Une image ambivalente
Dans un premier temps la peur du Sida a permis la diffusion du préservatif mais, avec l'amélioration des traitements et la banalisation de cette maladie mortelle devenue pathologie chronique, son utilisation diminue depuis les années 2000, jusqu’à un véritable abandon. Ce qui se traduit par une augmentation des IST : 6 400 nouvelles contaminations au VIH en 2017, 5 000 cas de syphilis alors qu’elle avait pratiquement disparu, 267 000 cas par an de Chlamydiae trachomatis, avec un nombre de lymphogranulomatoses multiplié par 7, 49 000 contaminations par le gonocoque soit une augmentation de 127 % depuis 2014, sans oublier le virus HPV etc.
Comment comprendre ce relâchement dans l’utilisation du préservatif dans une société de mieux en mieux informée ? « Le préservatif a toujours eu une image ambivalente, à la fois symbole d’une émancipation de la sexualité mais aussi dédaigné, car non glamour. Cela en fait la métaphore parfaite de la santé sexuelle, qui oscille entre plaisirs et contraintes », explique Gwenaël Domenech-Dorca, psychologue sexologue à Paris.
Des messages de prévention émoussés
Concernant le VIH, les traitements pré- et post-exposition sont très satisfaisants, et on a même pu, pour la première fois dire à des personnes vivant avec le VIH (PVVIH), bien traitées avec une charge virale indétectable, qu’elles pouvaient avoir des relations sexuelles sans préservatif.
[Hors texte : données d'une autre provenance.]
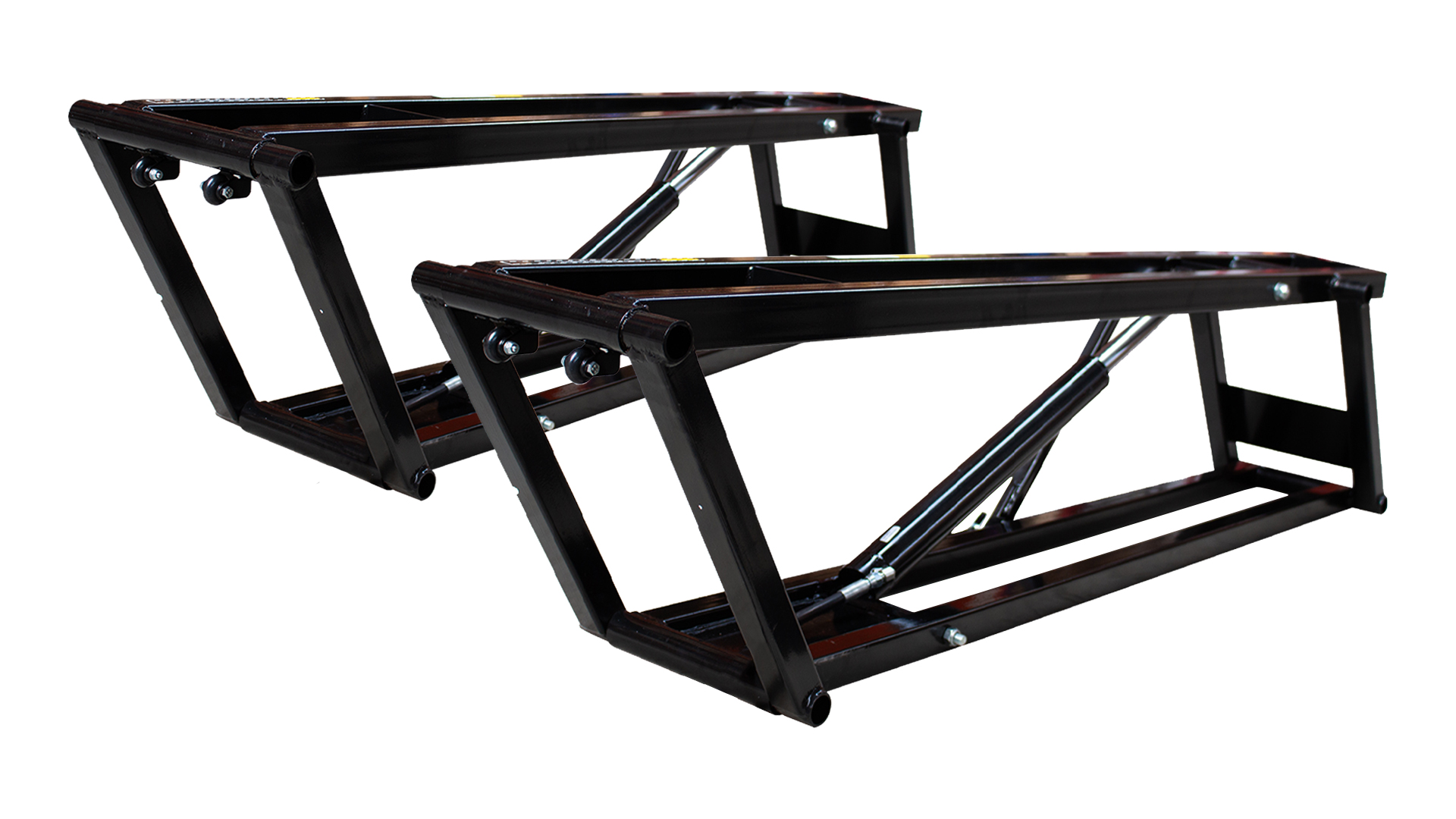 TRAGBARE HEBEBÜHNE 2,5T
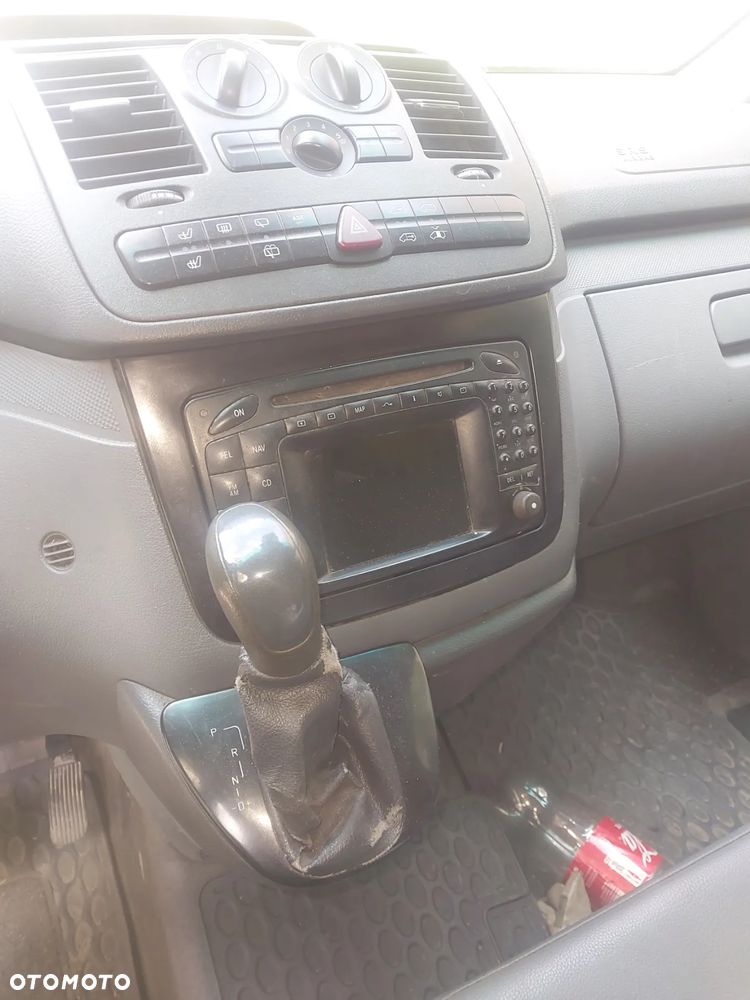 Mercedes-Benz Vito - 7
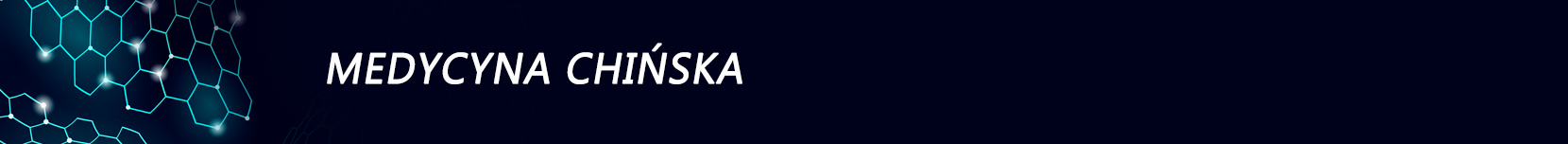 Nagłowek Medycyna Chińska
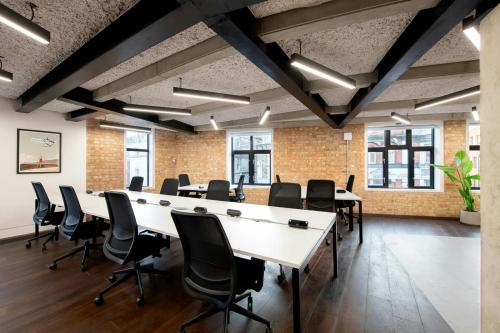 Office 3, 58 Wardour Street, Soho, London, W1D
Parallèlement, les messages de prévention se sont émoussés. En commettant l'erreur de viser surtout le milieu gay, la stratégie a été à la fois stigmatisante pour cette population et non pertinente pour les autres, en particulier les plus jeunes et les seniors qui ne se sont pas sentis concernés. Et la médicalisation et la moralisation de la prévention ont amené certains à renier le safer sex, avec l'apparition de comportements tels que le serosorting (relations non protégées avec des partenaires de même statut sérologique) ou le bareback, choix délibéré et revendiqué de ne pas utiliser de préservatif lors des relations sexuelles.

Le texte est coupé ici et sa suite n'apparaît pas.